1 Plaintiff attaches a grievance in which he claims that Bomia, a Department of Defense employee, is his daughter’s grandfather and was Plaintiff’s emergency contact. (Doc. 1–1, at 7.) Plaintiff states in the grievance that his emergency contact was contacted and told that Plaintiff needed a blood transplant. Id. “To state a claim under § 1983, a plaintiff must allege the violation of a right secured by the Constitution and laws of the United States, and must show that the alleged deprivation was committed by a person acting under color of state law.” West v. Atkins, 487 U.S. 42, 48 (1988)(citations omitted); Northington v. Jackson, 973 F.2d 1518, 1523 (10th Cir. 1992). A court liberally construes a pro se complaint and applies “less stringent standards than formal pleadings

drafted by lawyers.” Erickson v. Pardus, 551 U.S. 89, 94 (2007). In addition, the court accepts all well-pleaded allegations in the complaint as true. Anderson v. Blake, 469 F.3d 910, 913 (10th Cir. 2006). On the other hand, “when the allegations in a complaint, however true, could not raise a claim of entitlement to relief,” dismissal is appropriate. Bell Atlantic Corp. v. Twombly, 550 U.S. 544, 558 (2007). A pro se litigant’s “conclusory allegations without supporting factual averments are insufficient to state a claim upon which relief can be based.” Hall v. Bellmon, 935 F.2d 1106, 1110 (10th Cir. 1991). “[A] plaintiff’s obligation to provide the ‘grounds’ of his ‘entitle[ment] to relief’ requires more than labels and conclusions, and a formulaic recitation of the elements of a

cause of action.” Twombly, 550 U.S. at 555 (citations omitted).

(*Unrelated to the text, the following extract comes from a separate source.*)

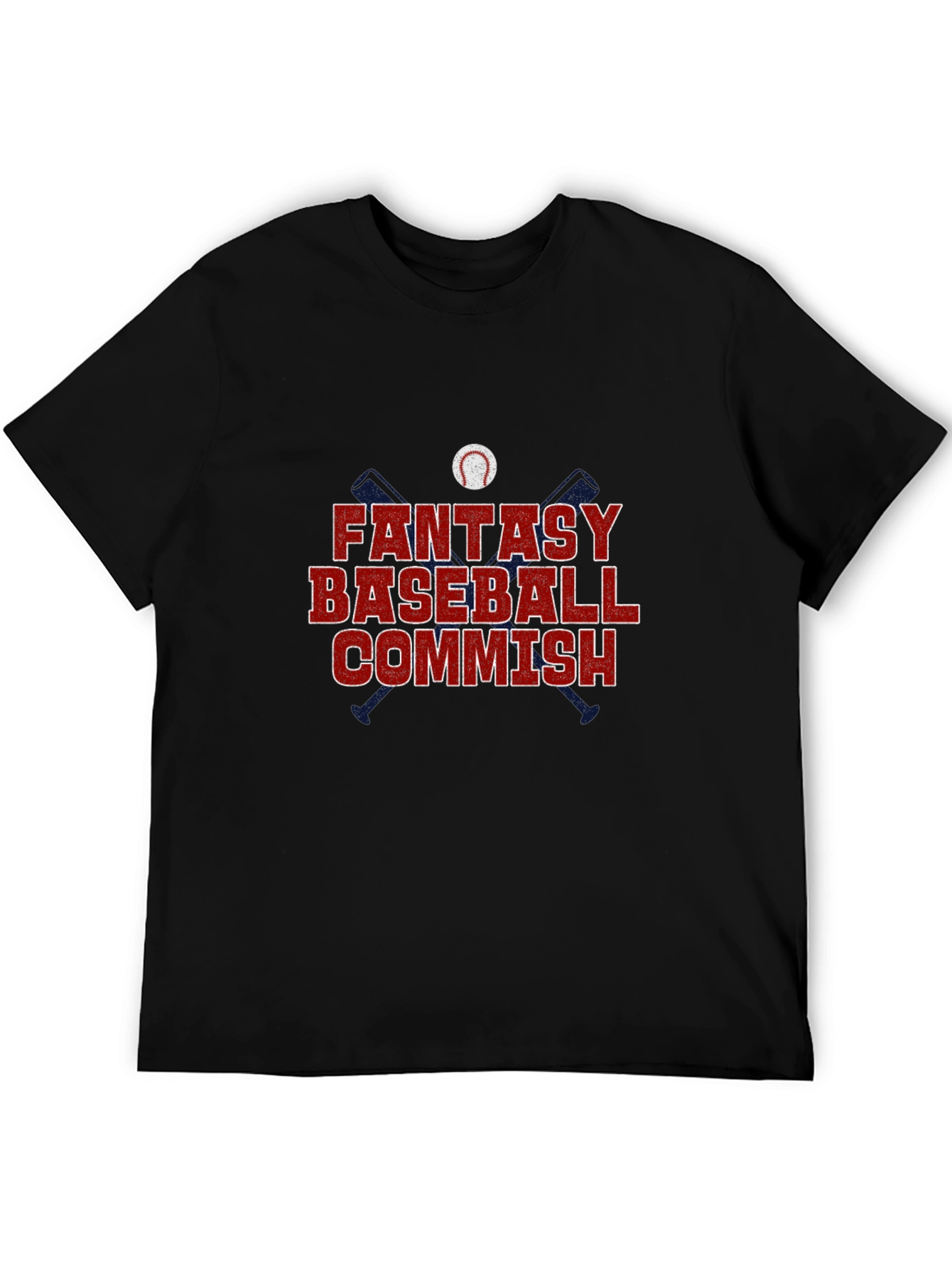 Fantasy Baseball Commish Graphic Tee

The complaint’s “factual allegations must be enough to raise a right to relief above the speculative level” and “to state a claim to relief that is plausible on its face.” Id. at 555, 570. The Tenth Circuit Court of Appeals has explained “that, to state a claim in federal court, a complaint must explain what each defendant did to [the pro se plaintiff]; when the defendant did it; how the defendant’s action harmed [the plaintiff]; and, what specific legal right the plaintiff believes the defendant violated.” Nasious v. Two Unknown B.I.C.E. Agents, 492 F.3d 1158, 1163 (10th Cir. 2007). The court “will not supply additional factual allegations to round out a plaintiff’s complaint or construct a legal theory on a plaintiff’s behalf.” Whitney v. New Mexico, 113 F.3d 1170, 1173-74 (10th Cir. 1997) (citation omitted). The Tenth Circuit has pointed out that the Supreme Court’s decisions in Twombly and Erickson gave rise to a new standard of review for § 1915(e)(2)(B)(ii) dismissals. See Kay v. Bemis, 500 F.3d 1214, 1218 (10th Cir. 2007)(citations omitted); see also Smith v. United States, 561 F.3d 1090, 1098 (10th Cir. 2009). As a result, courts “look to the specific allegations in the

complaint to determine whether they plausibly support a legal claim for relief.” Kay, 500 F.3d at 1218 (citation omitted). Under this new standard, “a plaintiff must ‘nudge his claims across the line from conceivable to plausible.’” Smith, 561 F.3d at 1098 (citation omitted). “Plausible” in this context does not mean “likely to be true,” but rather refers “to the scope of the allegations in a complaint: if they are so general that they encompass a wide swath of conduct, much of it innocent,” then the plaintiff has not “nudged [his] claims across the line from conceivable to plausible.” Robbins v. Oklahoma, 519 F.3d 1242, 1247 (10th Cir. 2008) (citing Twombly, 127 S. Ct. at 1974). III. DISCUSSION

1. Heck Bar and Habeas Nature of Claim To the extent Plaintiff challenges the validity of his sentence in his state criminal case, his federal claim must be presented in habeas corpus. “[A] § 1983 action is a proper remedy for a state prisoner who is making a constitutional challenge to the conditions of his prison life, but not to the fact or length of his custody.” Preiser v. Rodriguez, 411 U.S. 475, 499 (1973) (emphasis added). When the legality of a confinement is challenged so that the remedy would be release or a speedier release, the case must be filed as a habeas corpus proceeding rather than under 42 U.S.C.